DNS Reverse IP Automatic Multicast Tunneling (AMT) Discovery
draft-ietf-mboned-driad-amt-discovery-13

Note: This ballot was opened for revision 09 and is now closed.

Warren Kumari Yes

Deborah Brungard No Objection

Alissa Cooper No Objection

Roman Danyliw No Objection

Comment (2019-12-17 for -10)
Section 2.2.  Step #1 of the text describing the data flow of Figure 2 references the address 232.252.0.2, but that address isn’t used in Figure 2.

Benjamin Kaduk No Objection

Comment (2019-12-18 for -11)
Thank you for this well-written document!  My comment are all pretty
minor (and many of them are more of a "side note" than actionable
comments, anyway...).

Section 1

   This document updates Section 5.2.3.4 of [RFC7450] by adding a new
   extension to the relay discovery procedure.

I know that there is not a universal usage of "updates", but note that
in other protocols with similar scenarios (multiple possible discovery
methods), the core protocol document is not always in an "Updated by"
relationship with the new discovery methods.  (That said, there seem to
be plenty of other ways in which this document updates RFC 7540, so this
particular instsance isn't a big deal.)

Section 1.2.2

   |     L flag | The "Limit" flag described in Section 5.1.1.4 of     |
   |            | [RFC7450]                                            |

nit: s/5.1.1.4/5.1.4.4/

   The key words "MUST", "MUST NOT", "REQUIRED", "SHALL", "SHALL NOT",
   "SHOULD", "SHOULD NOT", "RECOMMENDED", "NOT RECOMMENDED", "MAY", and
   "OPTIONAL" in this document are to be interpreted as described in
   [RFC2119] and [RFC8174] when, and only when, they appear in all
   capitals, as shown here.

nit: this is not quite the prescribed form from RFC 8174.

Section 2.2

Perhaps it's worth a brief note that the UDP unicast tunnel is over IPv6
even though the multicast traffic being conveyed is native IPv4 in both
multicast networks?

Section 2.3.2

      A related motivating example in the sending-side network is
      provided by considering a sender that needs to instruct the
      gateways on how to select between connecting to Figure 6 or
      Figure 7 (from Section 3.2), in order to manage load and failover
      scenarios in a manner that operates well with the sender's
      provisioning strategy for horizontal scaling of AMT relays.
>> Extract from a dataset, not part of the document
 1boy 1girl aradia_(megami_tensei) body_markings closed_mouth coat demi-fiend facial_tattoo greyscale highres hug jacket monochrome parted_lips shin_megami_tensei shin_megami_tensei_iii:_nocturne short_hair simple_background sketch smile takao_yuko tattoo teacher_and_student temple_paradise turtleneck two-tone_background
I don't think I understand what "connecting to Figure 6" means.

   Among relay addresses that have an equivalent preference as described
   above, a Happy Eyeballs algorithm for AMT SHOULD use use the
   Destination Address Selection defined in Section 6 of [RFC6724].

   Among relay addresses that still have an equivalent preference after
   the above orderings, a gateway SHOULD make a non-deterministic choice

side note: I think that the way RFC 6724 is written (as a series of
comparison rules), it doesn't have an "are equivalent preference"
option, just a "leave the order unchanged" one.  But that's probably a
useless pedantic distinction and I can't see an actionable change that
would result from it.

Section 2.7

   The DNS query functionality is expected to follow ordinary standards
   and best practices for DNS clients.  A gateway MAY use an existing
   DNS client implementation that does so, and MAY rely on that client's
   retry logic to determine the timeouts between retries.
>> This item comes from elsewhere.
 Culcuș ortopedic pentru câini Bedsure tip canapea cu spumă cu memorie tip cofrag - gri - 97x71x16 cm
The first part of this seems to be a duplication of Section 2.4.2, but
the latter part (and following paragraph/sentences) diverges.  There's
probably some room for consolidation and/or harmonization of procedures
here.

Section 4.2.4

(Presumably we ignore entires with unrecognized 'type'; I forget whether
this is standard DNS usage or we should mention it explicitly, though.)

Section 5

Is there any guidance to give to the Designated Experts in addition to
the default rules from RFC 8126?

Section 6

I like that the relay-discovery precedence rules minimize the
opportunity for an attacker to disrupt discovery and try to force a
different relay to be used (whether to afford an opportunity to tamper
with the traffic going to a target recipient or other reasons).  Since
we are updating the generic AMT relay discovery procedure, we could
reasonably mention that (and the generic risks with discovery procedures
that involve attempting to contact a relay and failing over if a timely
response does not appear); RFC 7450's Section 6.2 provides only a
minimal mention.  That said, most of the security considerations
relevant here seem to be ones that apply to stock AMT, and are tolerably
covered in RFC 7450.  I'm a little surprised that Happy Eyeballs doesn't
cover this sort of disruption in its security considerations; I was
going to suggest referencing that as well.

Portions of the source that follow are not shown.